Crawled caption data
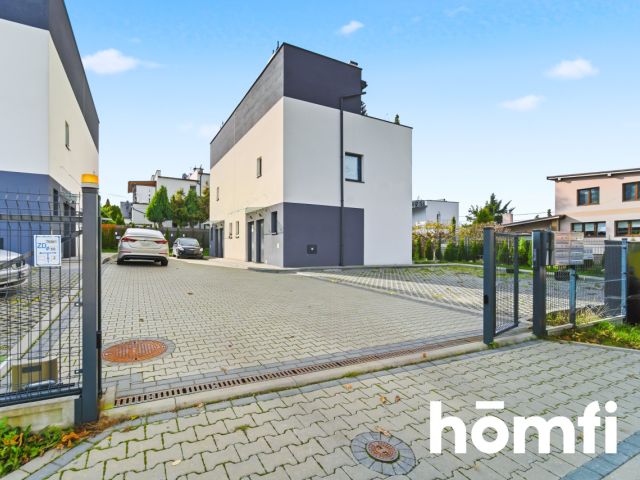 A panoramic apartment with a terrace and city views in Bielsko-Biała - Квартира - Продаж - Bielsko-Biała, Kamienica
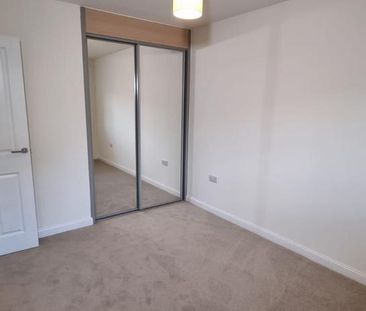 2 bedroom semi-detached house to rent - Photo 4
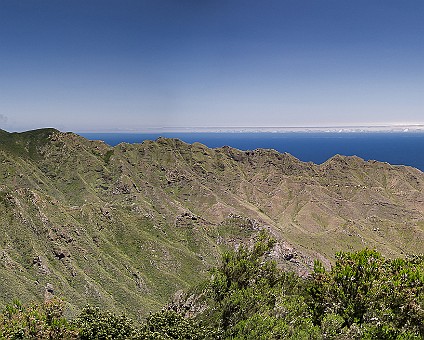 Im Anaga-Gebirge auf der TF 12 unterwegs - Blick in Richtung San Andrés / Las Gaviotas (Panoramabild)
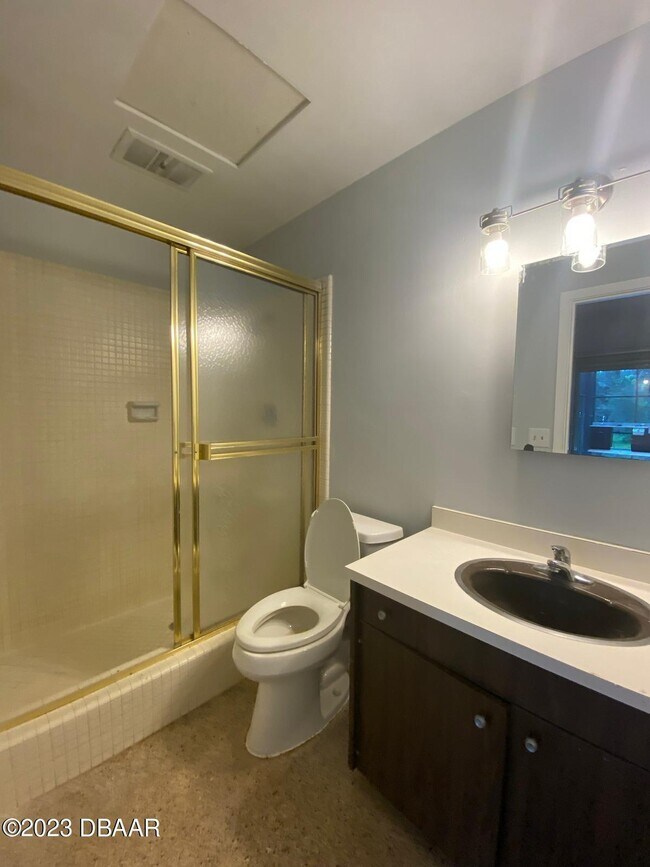 Building Photo - 1 Arrowhead Dr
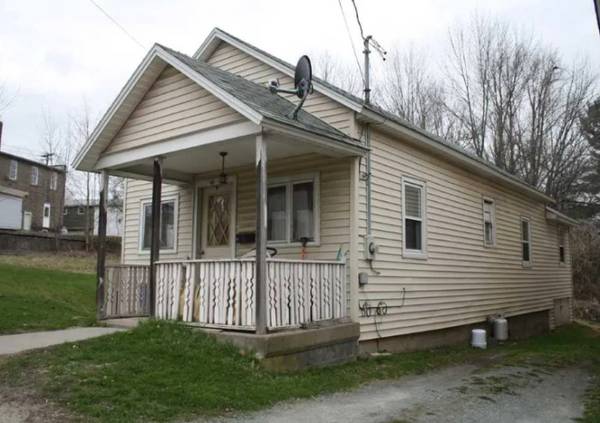 3 bedroom, living room, kitchen and bathroom
$1,450 3 bedroom, living room, kitchen and bathroom
$1,450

_Exercise instructions_: When you transcribe the entries above, keep every word exact and leave out the pictures.

_Answer for this exercise_:
 A panoramic apartment with a terrace and city views in Bielsko-Biała - Квартира - Продаж - Bielsko-Biała, Kamienica
 2 bedroom semi-detached house to rent - Photo 4
 Im Anaga-Gebirge auf der TF 12 unterwegs - Blick in Richtung San Andrés / Las Gaviotas (Panoramabild)
 Building Photo - 1 Arrowhead Dr
 3 bedroom, living room, kitchen and bathroom
$1,450 3 bedroom, living room, kitchen and bathroom
$1,450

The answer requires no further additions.